Yo estoy participando en algunas reuniones del sector cultural. Pero esto que hablábamos se trata de una discusión que uno augura que la encabece el Estado. Quiero decir, aún hay algo que se instituye desde ahí: porque las discusiones con los gremios, con las cámaras empresariales, con todo lo que es el sector, es una discusión pública. Como en Brasil y en otros países, el sector público debería sostenerla en cuanto conversación sobre cómo nos adecuamos a un cambio global desde el vector productivo. Por ejemplo, conozco bastante el mundo del teatro, porque es desde donde me están convocando: hay tensiones y discusiones entre empresarios y actores o autores por distintas cosas que dan la sensación de empantanarse. En muchos casos, el conflicto sectorial tapa el bosque del cambio tecnológico, de la adecuación mundial, por lo que pienso que es el sector público el que tendría que estar llevando adelante una discusión para regentear la discusión hacia un horizonte más amplio.

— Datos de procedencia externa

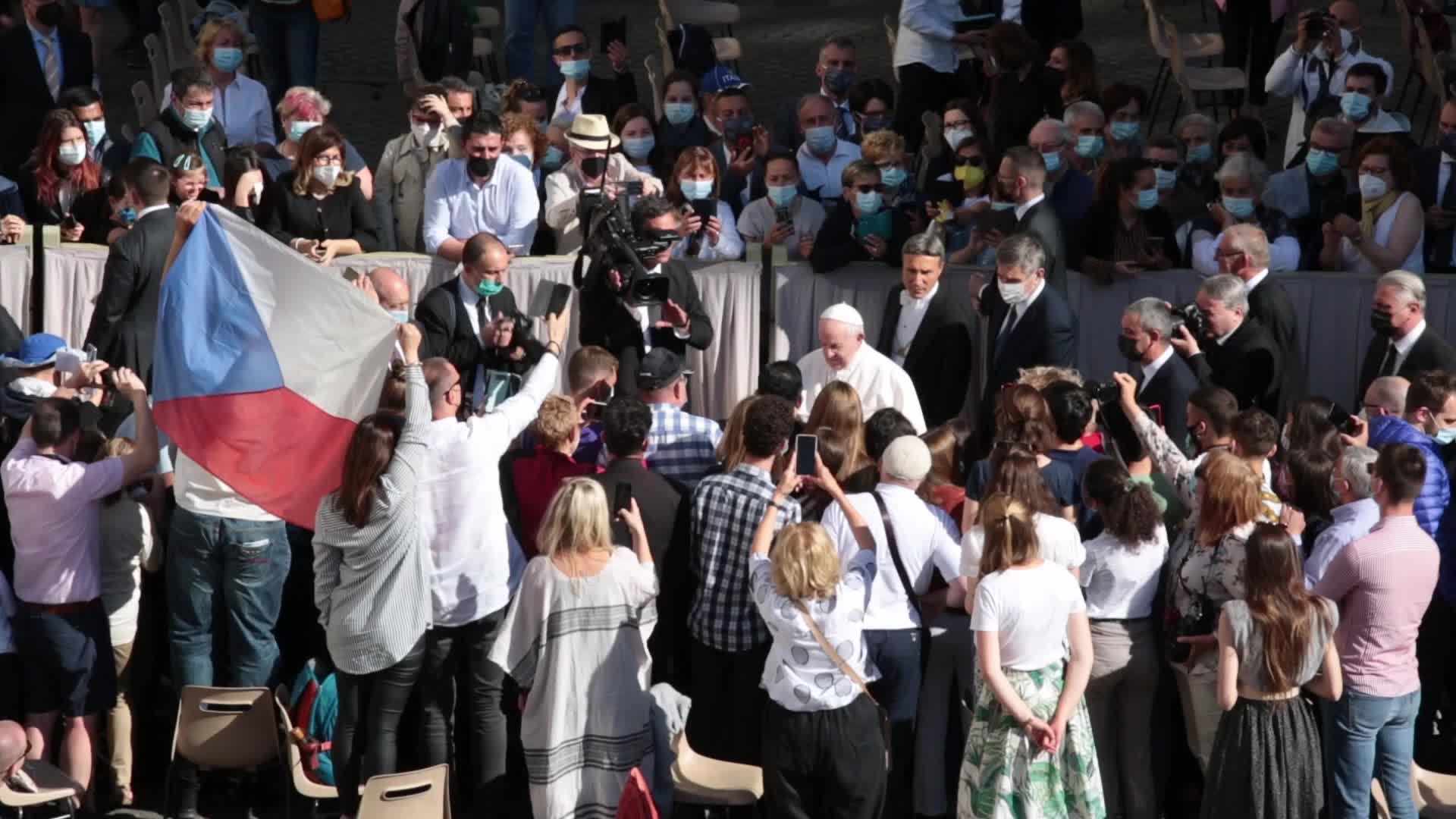 General audience of Pope Francis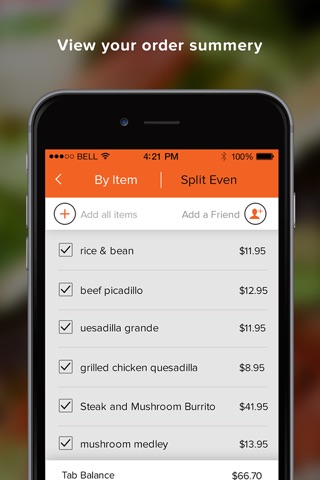 Blockheads Restaurant App: Cheap margaritas, big burritos screenshot 4
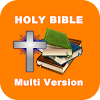 Multi Version Bible Free Download KJV✟NKJV✟NIV✟NLT icon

Es verdad que, en esta coyuntura, el Estado eligió a la cultura y a la comunicación como sus enemigos, así que imagínate qué podemos pedirle al sector público. Entonces, lo que pensamos, un poco como pasó en los noventa, es apoyarnos en el tercer sector para funcionar como un espacio de pensamiento. El sector privado sin fines de lucro es el que tiene que tomar, en este momento, la iniciativa de comenzar ese diagnóstico ausente. Al menos, mientras este estado de la discusión pública no vuelva a hacerse amigo del pensamiento y del desarrollo de este país. En ese sentido, hay mucho para hacer.